The top teams such as Dublin (James McCarthy, Philly McMahon, Jack McCaffrey, Paul Flynn ) and Donegal (Ryan McHugh is a case in point ) and Mayo (Lee Keegan, Diarmuid O'Connor ) have some players who can really drive at the opposition and support the play with blistering pace.
Galway will need to work harder at that because on too many occasions their full-forward line of Damien Comer and Adrian Varley had no support coming from out the field to take a layoff when in possession and slip the ball over the bar, or better still create an overlap for a goal.
That said, if players such as Shane Walsh, who has wicked speed, can get back to full fitness for 70 minutes of hard football, he would provide an option as a link man between half-backs, midfield and the inside line. Liam Silke too needs to become more involved, offering consistent and penetrating support from the half-back line.
I was in McHale Park on Saturday evening and Dublin wing-back James McCarthy gave an exhibition of how to support play from deep and was an example of perpetual motion. Galway players need to constantly "give and go" - as opposed to just giving, and not supporting the ball.

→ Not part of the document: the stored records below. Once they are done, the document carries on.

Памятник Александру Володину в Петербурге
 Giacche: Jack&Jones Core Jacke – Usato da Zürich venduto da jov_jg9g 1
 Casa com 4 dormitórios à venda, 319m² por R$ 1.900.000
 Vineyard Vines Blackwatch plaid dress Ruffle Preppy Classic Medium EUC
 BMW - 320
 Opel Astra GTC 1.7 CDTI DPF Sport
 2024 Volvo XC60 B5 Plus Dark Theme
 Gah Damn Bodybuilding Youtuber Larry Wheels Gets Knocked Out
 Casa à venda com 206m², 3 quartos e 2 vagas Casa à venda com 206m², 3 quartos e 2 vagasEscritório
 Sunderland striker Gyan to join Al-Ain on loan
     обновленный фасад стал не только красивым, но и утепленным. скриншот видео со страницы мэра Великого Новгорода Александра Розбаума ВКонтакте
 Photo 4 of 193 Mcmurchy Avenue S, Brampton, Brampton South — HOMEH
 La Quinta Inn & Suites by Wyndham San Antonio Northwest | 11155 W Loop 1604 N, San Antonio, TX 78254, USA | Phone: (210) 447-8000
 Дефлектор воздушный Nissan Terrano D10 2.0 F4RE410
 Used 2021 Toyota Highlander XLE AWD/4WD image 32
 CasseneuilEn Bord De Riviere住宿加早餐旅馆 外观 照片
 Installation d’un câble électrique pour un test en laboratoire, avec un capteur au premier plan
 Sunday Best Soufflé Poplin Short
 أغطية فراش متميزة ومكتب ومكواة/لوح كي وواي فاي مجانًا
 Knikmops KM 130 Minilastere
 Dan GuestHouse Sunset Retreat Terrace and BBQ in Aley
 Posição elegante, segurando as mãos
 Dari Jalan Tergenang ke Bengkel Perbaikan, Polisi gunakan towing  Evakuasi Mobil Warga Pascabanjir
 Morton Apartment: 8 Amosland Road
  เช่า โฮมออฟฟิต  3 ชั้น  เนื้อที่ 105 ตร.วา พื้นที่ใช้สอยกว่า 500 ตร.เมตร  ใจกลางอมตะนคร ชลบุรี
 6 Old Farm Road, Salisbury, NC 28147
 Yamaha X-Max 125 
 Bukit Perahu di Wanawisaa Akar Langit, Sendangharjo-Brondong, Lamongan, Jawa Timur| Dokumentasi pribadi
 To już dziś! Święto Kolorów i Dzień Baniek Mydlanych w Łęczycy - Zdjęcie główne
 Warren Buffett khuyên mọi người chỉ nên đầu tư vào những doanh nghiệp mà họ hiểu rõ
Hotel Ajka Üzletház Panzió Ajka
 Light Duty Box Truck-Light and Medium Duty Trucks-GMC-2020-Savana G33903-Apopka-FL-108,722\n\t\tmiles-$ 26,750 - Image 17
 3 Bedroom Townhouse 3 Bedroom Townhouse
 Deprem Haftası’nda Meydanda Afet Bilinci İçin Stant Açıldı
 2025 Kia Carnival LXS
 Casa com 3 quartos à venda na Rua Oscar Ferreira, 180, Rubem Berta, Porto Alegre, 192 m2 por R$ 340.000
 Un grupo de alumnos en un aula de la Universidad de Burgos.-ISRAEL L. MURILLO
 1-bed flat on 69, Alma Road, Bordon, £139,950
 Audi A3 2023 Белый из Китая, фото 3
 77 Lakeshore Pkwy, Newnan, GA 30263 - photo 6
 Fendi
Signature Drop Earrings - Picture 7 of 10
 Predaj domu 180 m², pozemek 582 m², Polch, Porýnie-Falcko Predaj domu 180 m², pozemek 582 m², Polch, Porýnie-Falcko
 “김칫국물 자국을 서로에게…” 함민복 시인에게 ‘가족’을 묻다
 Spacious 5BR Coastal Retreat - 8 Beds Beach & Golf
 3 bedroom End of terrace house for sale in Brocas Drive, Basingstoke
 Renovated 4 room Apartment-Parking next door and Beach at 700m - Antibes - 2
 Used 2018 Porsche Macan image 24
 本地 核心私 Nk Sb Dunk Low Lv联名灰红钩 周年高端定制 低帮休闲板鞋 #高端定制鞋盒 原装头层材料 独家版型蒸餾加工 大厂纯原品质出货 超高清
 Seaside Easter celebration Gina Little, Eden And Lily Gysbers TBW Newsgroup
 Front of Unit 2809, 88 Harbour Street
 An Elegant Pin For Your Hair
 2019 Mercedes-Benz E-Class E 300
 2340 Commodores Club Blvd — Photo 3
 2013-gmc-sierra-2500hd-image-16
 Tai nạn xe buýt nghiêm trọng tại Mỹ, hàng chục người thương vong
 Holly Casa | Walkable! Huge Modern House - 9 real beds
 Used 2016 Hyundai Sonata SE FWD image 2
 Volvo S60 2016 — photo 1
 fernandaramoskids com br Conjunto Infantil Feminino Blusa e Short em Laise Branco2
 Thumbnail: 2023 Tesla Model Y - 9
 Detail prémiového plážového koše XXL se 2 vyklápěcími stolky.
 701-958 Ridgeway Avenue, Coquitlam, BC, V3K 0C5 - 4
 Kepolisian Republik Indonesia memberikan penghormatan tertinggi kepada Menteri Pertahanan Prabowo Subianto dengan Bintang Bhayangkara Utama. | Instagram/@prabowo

Despite the loss, Kevin Walsh was rightly upbeat about the display.
"We had a fair few wides that were scorable and also a few frees that were scorable. To be honest, we were disappointed we didn’t get a point out of the game in the end.
“There are things we have to improve on, but they are a new group of lads together and they worked really hard for the last 25 minutes in particular and we were pleased with that. They have a great attitude and that is a great starting point.”